The most common sources of the tumor cells that got to the liver but started somewhere else are the colon, pancreas, lung and breast.

What exactly causes the mutation in the hepatocyte though?

Well the mechanism isn’t fully understood and can probably be caused by a lot of different things, most importantly though, things that put the liver in a constant cycle of damage and repair are the biggest culprits.

If the liver cells are constantly being forced to repair, this raises the chances of genetic mistakes or mutations, potentially leading to carcinogenesis or development of cancer cells.

Examples might be any disease that leads to cirrhosis and scarring of the liver tissue, which can include alcoholic hepatitis and cirrhosis, hereditary hemochromatosis, primary biliary cirrhosis, alpha-1 antitrypsin deficiency, and others.

The most common risk factor, the ones that have been linked the most with hepatocellular carcinoma are the hepatitis B and hepatitis C viruses, both of which can become chronic or long-lasting.

In this case, these cells are at greater risk because of the constant state of infection and immune cell attack, leading to constant damage and repair.

HBV is particularly problematic because of how the virus replicates; the HBV virus is a DNA virus that integrates into the hepatocyte’s DNA, which, although not completely understood, is thought to either directly disrupt regulation of cell growth and replication, leading to carcinoma, or alternatively cause some indirect effect that later leads to unchecked cell growth and replication.

One interesting risk factor, is exposure to aflatoxins.

Aflatoxins are highly toxic chemicals produced by certain aspergillus molds that can be found in certain foods when they start to decay, like grains, peanuts, and vegetables.

As foods that have this type of mold are eaten, aflatoxins are also eaten, and then they’re absorbed in the small intestine and sent to the liver for metabolizing.
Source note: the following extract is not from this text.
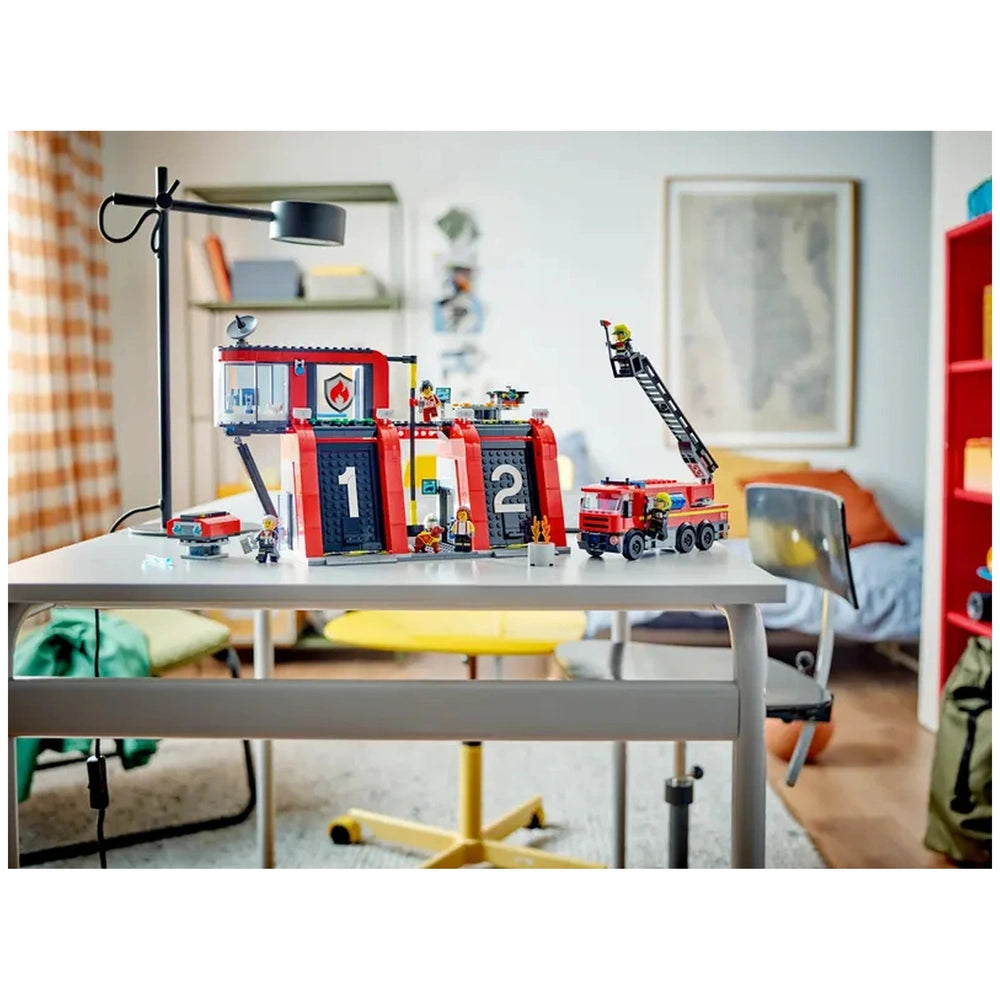 LEGO® City Fire Station set on a table, featuring a red building with numbered garage doors, a fire truck with a ladder, and five firefighter minifigures. A lamp and colorful furniture are visible in a cozy room.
The most potent type of aflatoxin thought to be involved in carcinogenesis is aflatoxin B1, and when it gets to the liver, it’s metabolized to aflatoxin B1 8,9 epoxide.

And now this guy can bind right to DNA, called a DNA adduct.

This interaction leads to mutations in the p53 tumor suppressor gene, which usually when it’s functioning right, stops the formation of tumors, so if it becomes mutated and dysfunctional, tumor formation and carcinogenesis might follow.

Because most patients with hepatocellular carcinoma also have cirrhosis, the hepatocellular carcinoma can be hard to spot.